**The problem**
The expected result is a verbatim repetition of the lines from the start of the entries through the line containing "2.5d, Blue from", with the pictures removed.
※ ※ ※
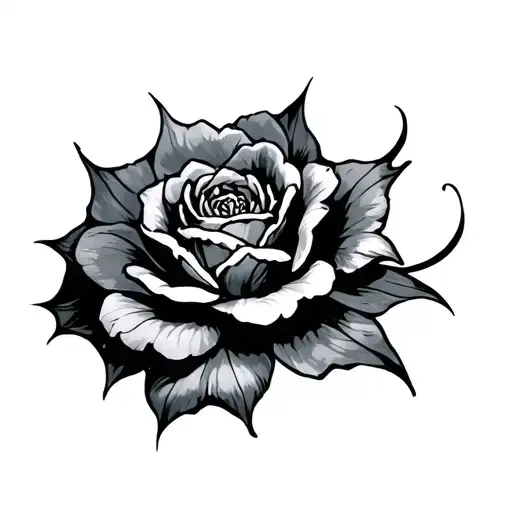 Titty tattoo design idea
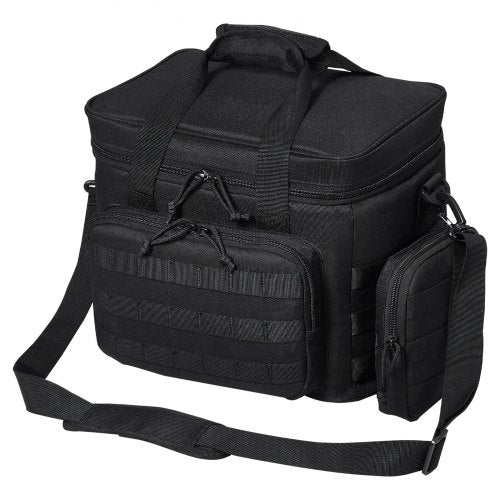 VEVOR 20L Insulated Cooler Bag Lunch Box with Molle Design Multi-Pocket - Black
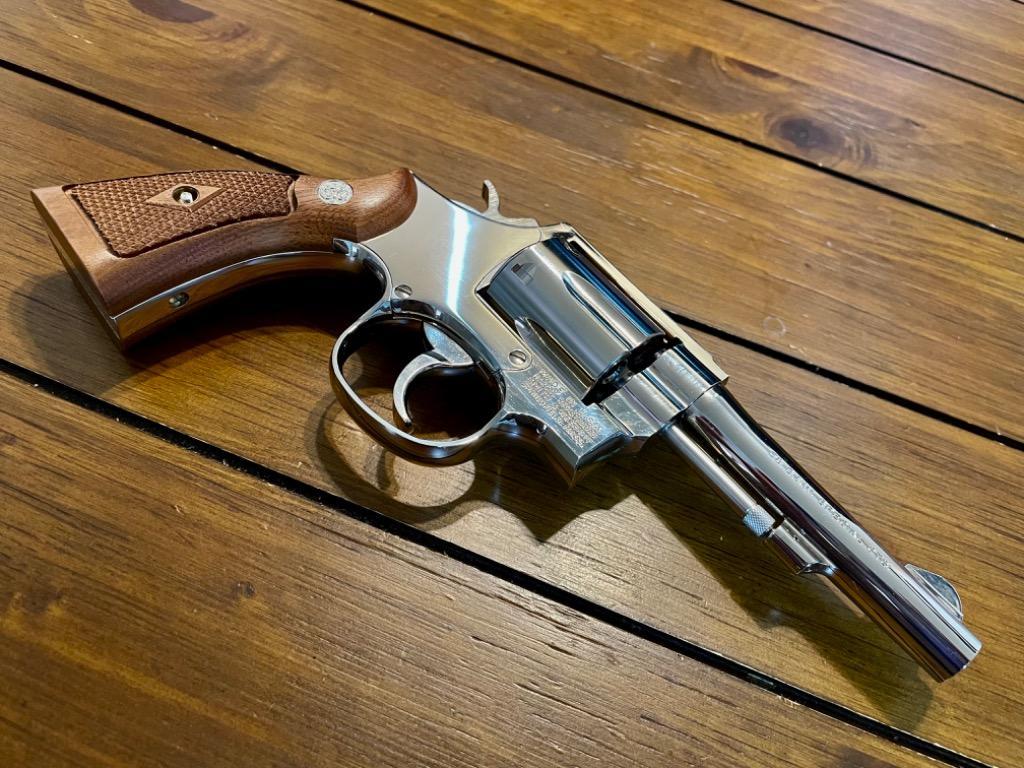 タナカワークス S&W M10 ミリタリー&ポリス Ver.3 ニッケル タナカワークス S&W M10 ミリタリー&ポリス Ver.3 ニッケル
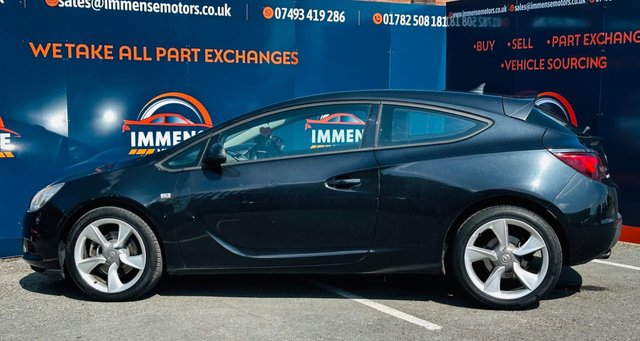 View our VAUXHALL ASTRA GTC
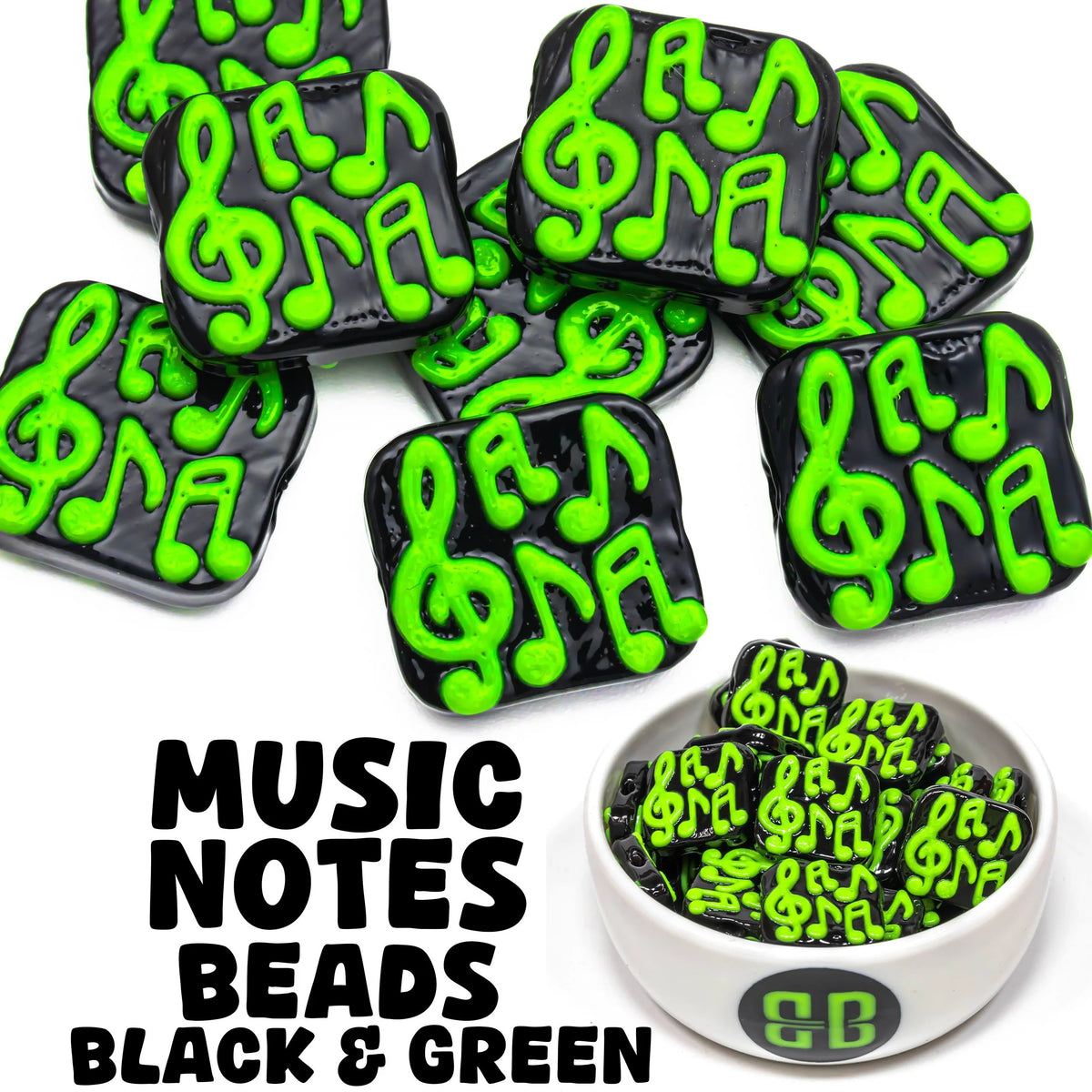 Sheet Music Beads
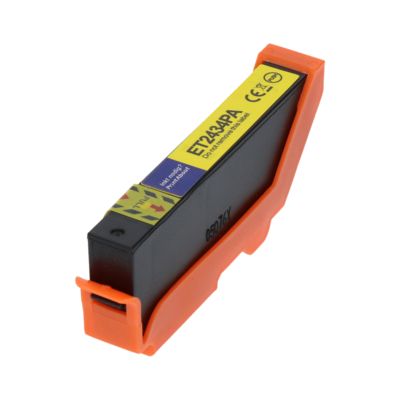 Cartuccia compatibile Epson 24XL (C13T24344012) - Giallo Alta capacità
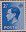 2.5d, Blue from King Edward VIII Definitives (1936)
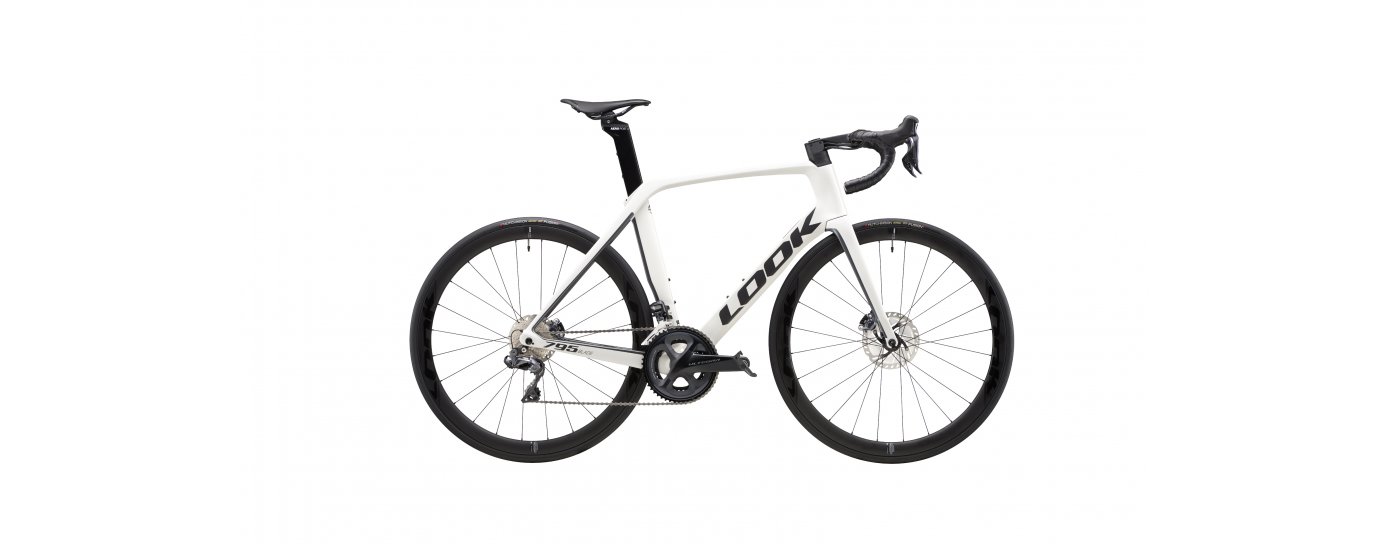 795 BLADE DISC METALLIC WHITE GRAPHITE GREY GLOSSY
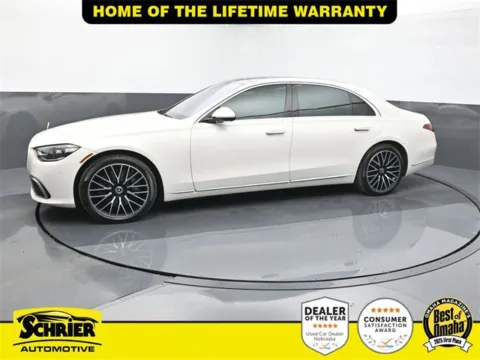 Another view of 2022 Mercedes-Benz S-Class S 500 for sale in Omaha, NE at Schrier Automotive Inc
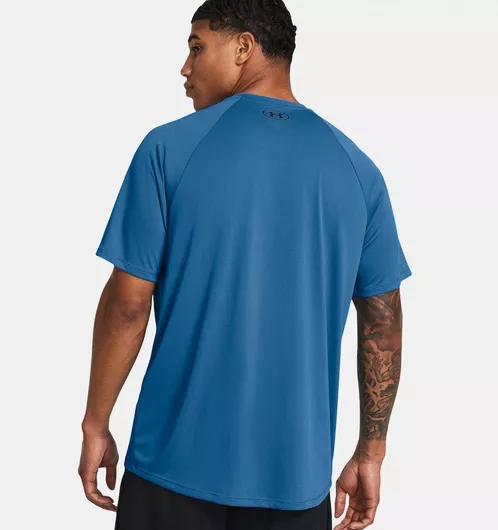 T-Shirt Under Armour Tech 2.0 Αθλητικό Κοντομάνικο Μπλε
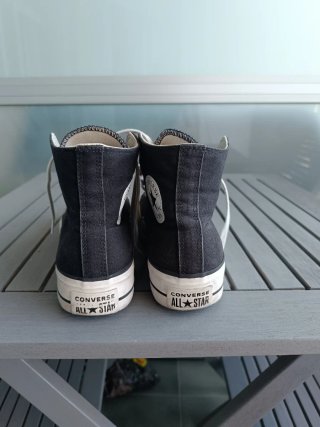 Converse All Star Botas Negras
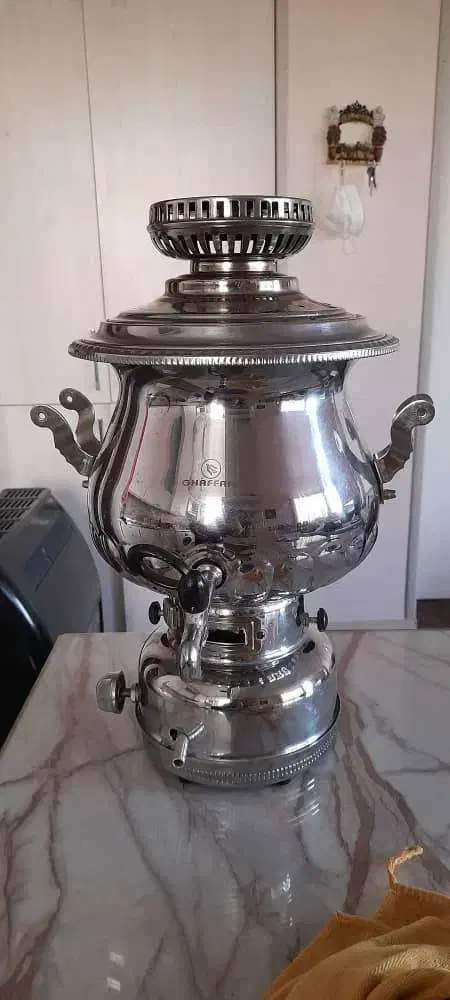 سماور گازی|سماور، چای‌ساز، قهوه‌ساز|کرج, شاهین‌ویلا|دیوار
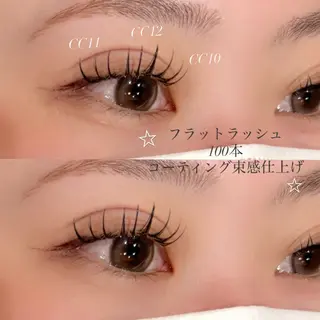 マツエク・マツパ ai 🩶仙台パルコ4Fのマツエク・マツパデザイン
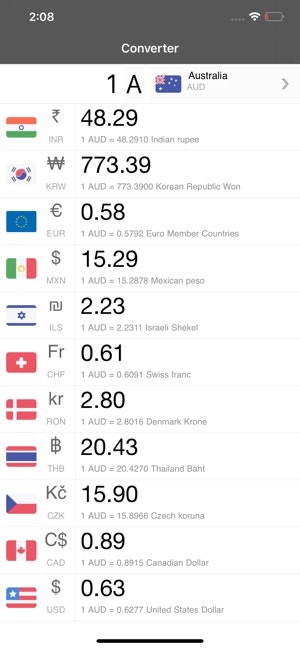 Currency Converter : Fast gallery image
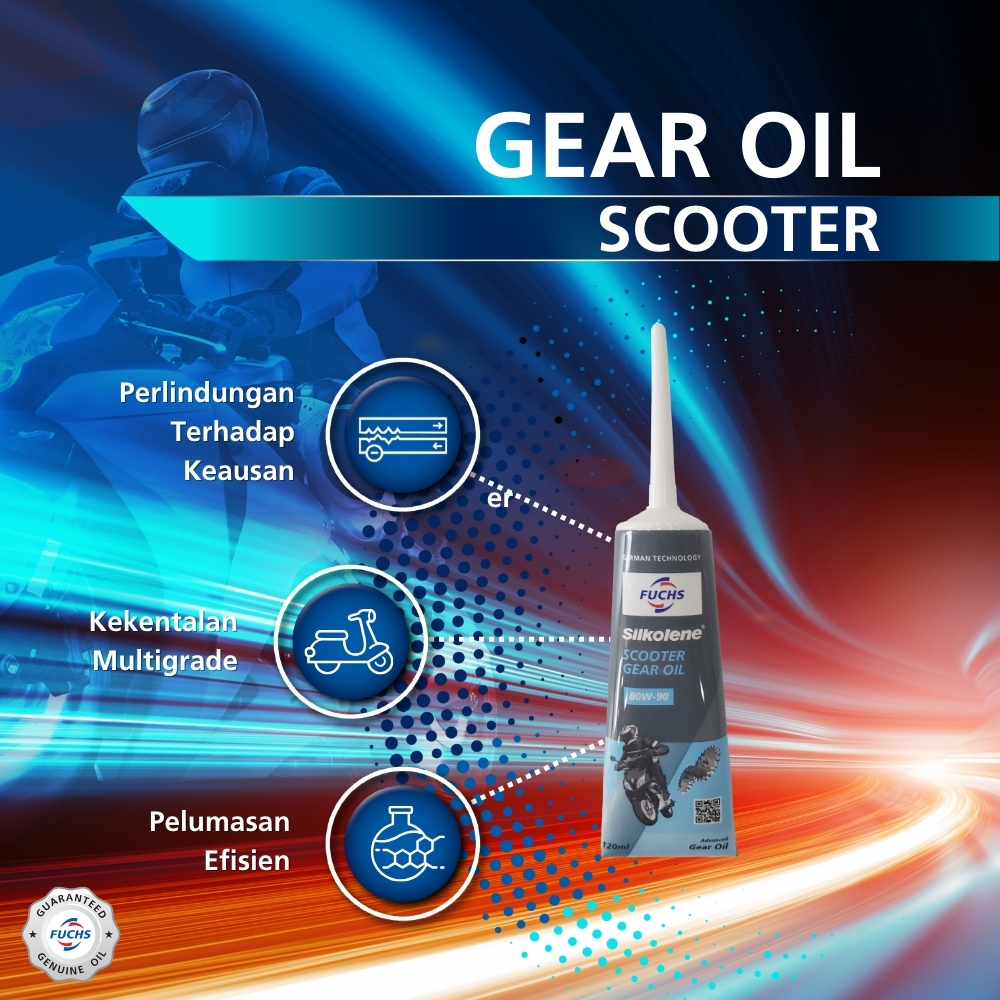 Fuchs SE Fuchs Silkolene Scooter Gear Oil 80W-90 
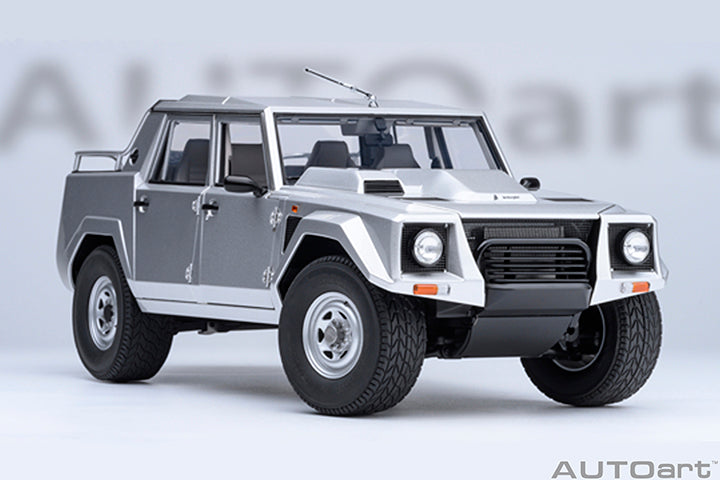 Lamborghini LM002 Argento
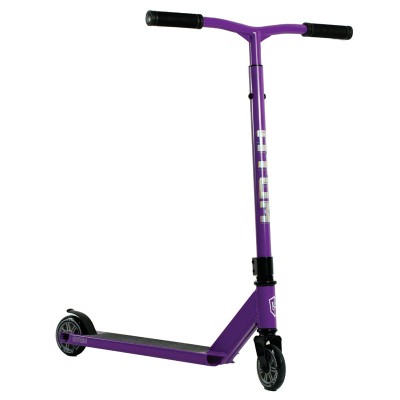 Grit Atom Stunt Scooter Purple with Bar Wrapped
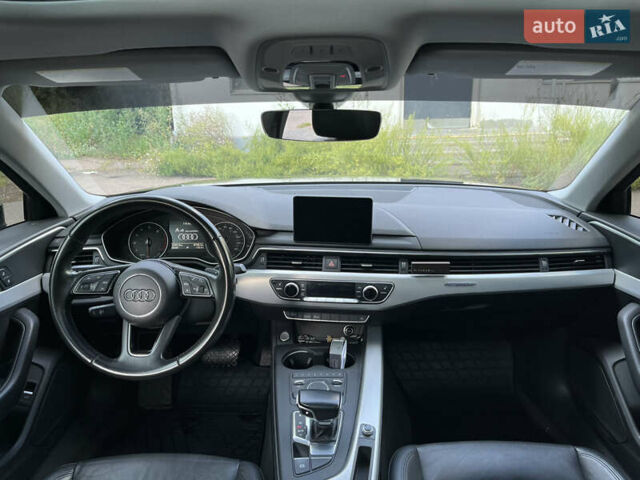 Черный Ауди А4, объемом двигателя 2 л и пробегом 134 тыс. км за 16950 $, фото 9 на Automoto.ua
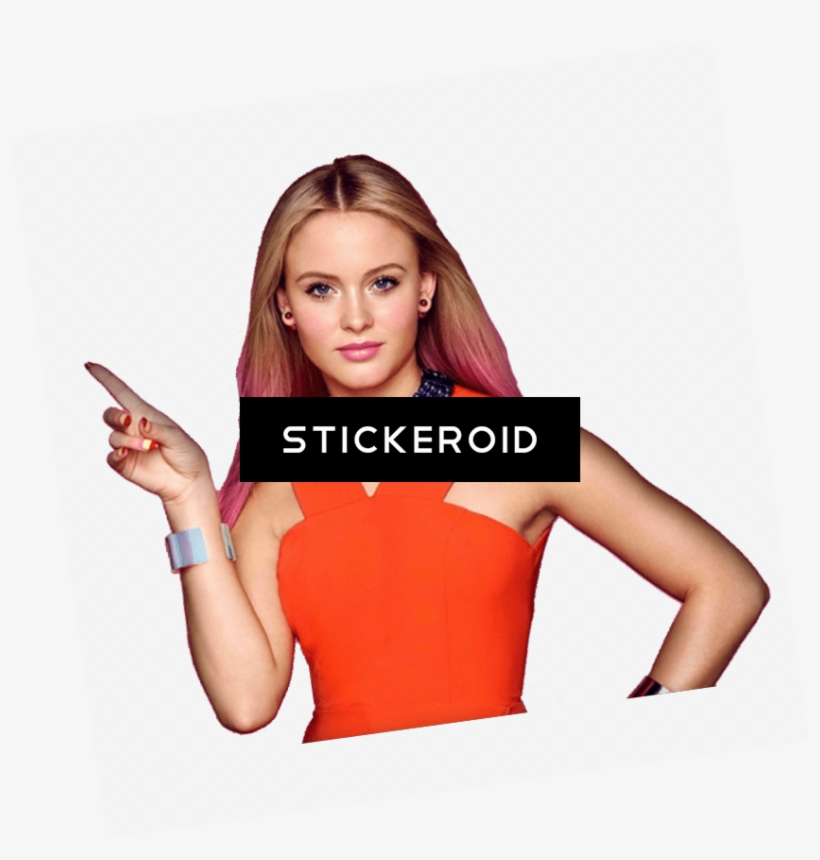 Zara Larsson Red Dress - Girl, transparent png download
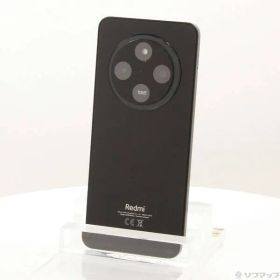 ソフマップ 〔中古品〕 Redmi 14C 256GB ミッドナイトブラック MZB0HPVUS SIMフリー【348】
※ ※ ※
**Exercise result**
 Titty tattoo design idea
 VEVOR 20L Insulated Cooler Bag Lunch Box with Molle Design Multi-Pocket - Black
 タナカワークス S&W M10 ミリタリー&ポリス Ver.3 ニッケル タナカワークス S&W M10 ミリタリー&ポリス Ver.3 ニッケル
 View our VAUXHALL ASTRA GTC
 Sheet Music Beads
 Cartuccia compatibile Epson 24XL (C13T24344012) - Giallo Alta capacità
 2.5d, Blue from King Edward VIII Definitives (1936)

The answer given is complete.